With version 1.9.3.Final, Keycloak has a number of OpenID endpoints available. These can be found at /auth/realms/{realm}/.well-known/openid-configuration. Assuming your realm is named demo, that endpoint will produce a JSON response similar to this.

{
  "issuer": "http://localhost:8080/auth/realms/demo",
  "authorization_endpoint": "http://localhost:8080/auth/realms/demo/protocol/openid-connect/auth",
  "token_endpoint": "http://localhost:8080/auth/realms/demo/protocol/openid-connect/token",
  "token_introspection_endpoint": "http://localhost:8080/auth/realms/demo/protocol/openid-connect/token/introspect",
  "userinfo_endpoint": "http://localhost:8080/auth/realms/demo/protocol/openid-connect/userinfo",
  "end_session_endpoint": "http://localhost:8080/auth/realms/demo/protocol/openid-connect/logout",
  "jwks_uri": "http://localhost:8080/auth/realms/demo/protocol/openid-connect/certs",
  "grant_types_supported": [
    "authorization_code",
    "implicit",
    "refresh_token",
    "password",
    "client_credentials"
  ],
  "response_types_supported": [
    "code",
    "none",
    "id_token",
    "token",
    "id_token token",
    "code id_token",
    "code token",
    "code id_token token"
  ],
  "subject_types_supported": [
    "public"
  ],
  "id_token_signing_alg_values_supported": [
    "RS256"
  ],
  "response_modes_supported": [
    "query",
    "fragment",
    "form_post"
  ],
  "registration_endpoint": "http://localhost:8080/auth/realms/demo/clients-registrations/openid-connect"
}

As far as I have found, these endpoints implement the Oauth 2.0 spec.

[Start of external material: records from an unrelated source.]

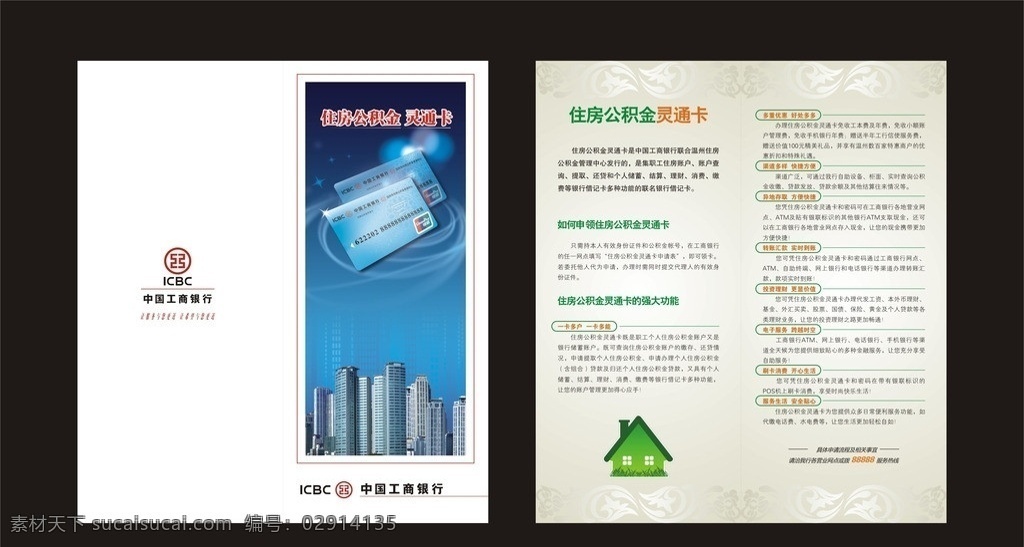 住房 公积金 灵通卡 住房公积金 城市建筑 城市 建筑 科技 灵通 房子图标 房子 绿色房子 花纹 欧式花纹 其他设计 矢量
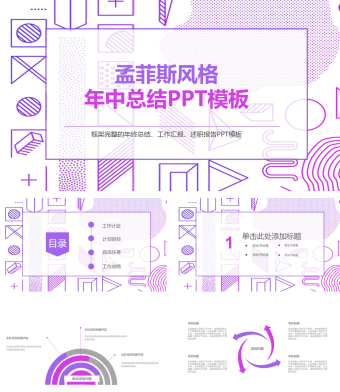 紫色简约孟菲斯风格年中总结PPT模板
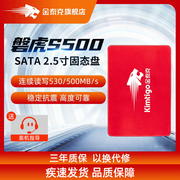 金泰克 磐虎S500 256/512G/1T ssd台式机笔记本sata电脑固态硬盘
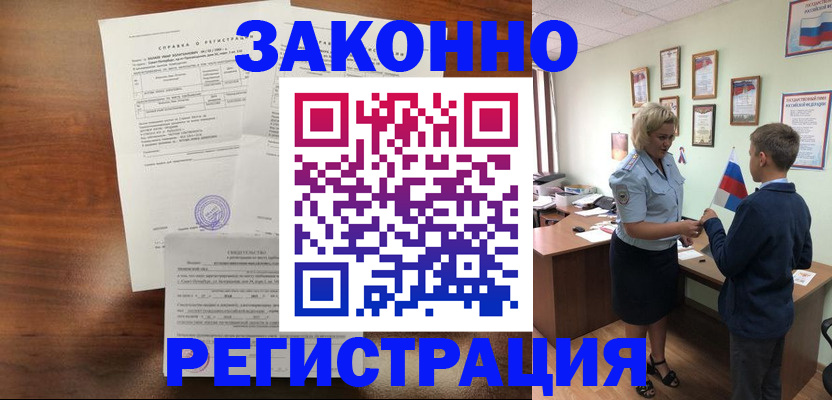 прописка иностранных граждан в Ставрополе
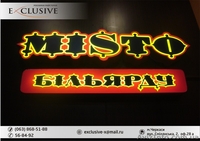 Объемные световые буквы, лайтбокс - изготовление наружной рекламы Черкассы - <ro>Изображение</ro><ru>Изображение</ru> #4, <ru>Объявление</ru> #848748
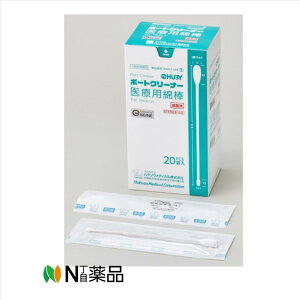 nN]EfBJ@Dr.HUBY |[gN[i[ (×pȖ_) 1{/×20 1 @1240618@×pȖ_@J|[g|pȖ_yʈË@z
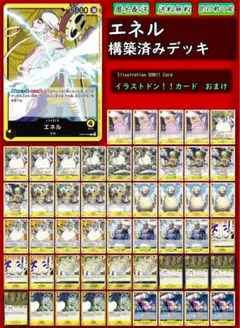 紫エネル 格安】 構築済みデッキ 早い者勝ち - メルカリ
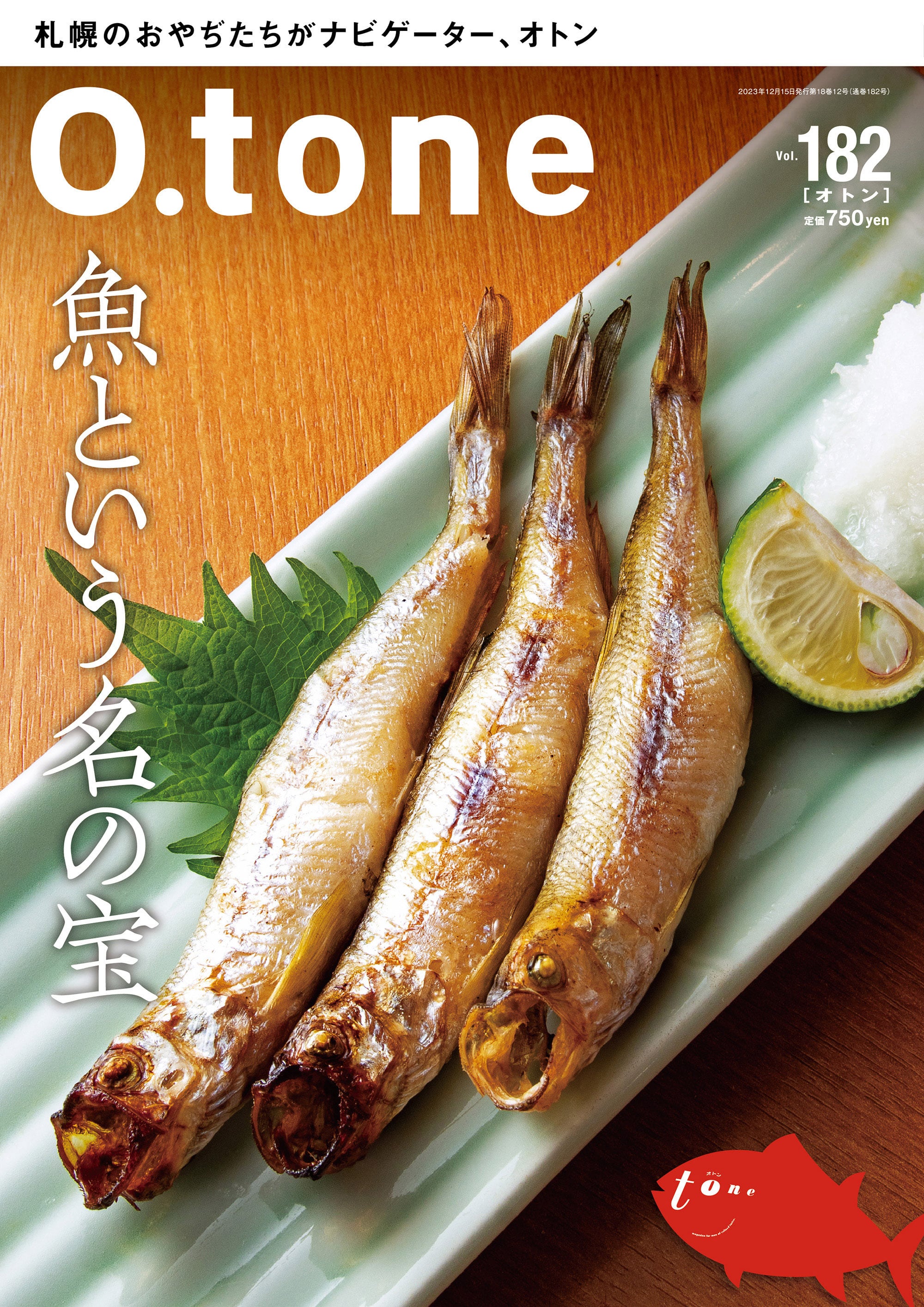 売り切れ】O.tone別冊／古地図と歩く 札幌圏 | O.tone ~札幌のおやぢ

You can also see this information by going into Admin Console -> Realm Settings -> Clicking the hyperlink on the Endpoints field.

Actually link to .well-know is on the first tab of your realm settings - but link doesn't look like link, but as value of text box... bad ui design. Screenshot of Realm's General Tab

After much digging around we were able to scrape the info more or less (mainly from Keycloak's own JS client lib):

• Authorization Endpoint: /auth/realms/{realm}/tokens/login
• Token Endpoint: /auth/realms/{realm}/tokens/access/codes

As for OpenID Connect UserInfo, right now (1.1.0.Final) Keycloak doesn't implement this endpoint, so it is not fully OpenID Connect compliant. However, there is already a patch that adds that as of this writing should be included in 1.2.x.

But - Ironically Keycloak does send back an id_token in together with the access token. Both the id_token and the access_token are signed JWTs, and the keys of the token are OpenID Connect's keys, i.e:

"iss":  "{realm}"
"sub":  "5bf30443-0cf7-4d31-b204-efd11a432659"
"name": "Amir Abiri"
"email: "..."

So while Keycloak 1.1.x is not fully OpenID Connect compliant, it does "speak" in OpenID Connect language.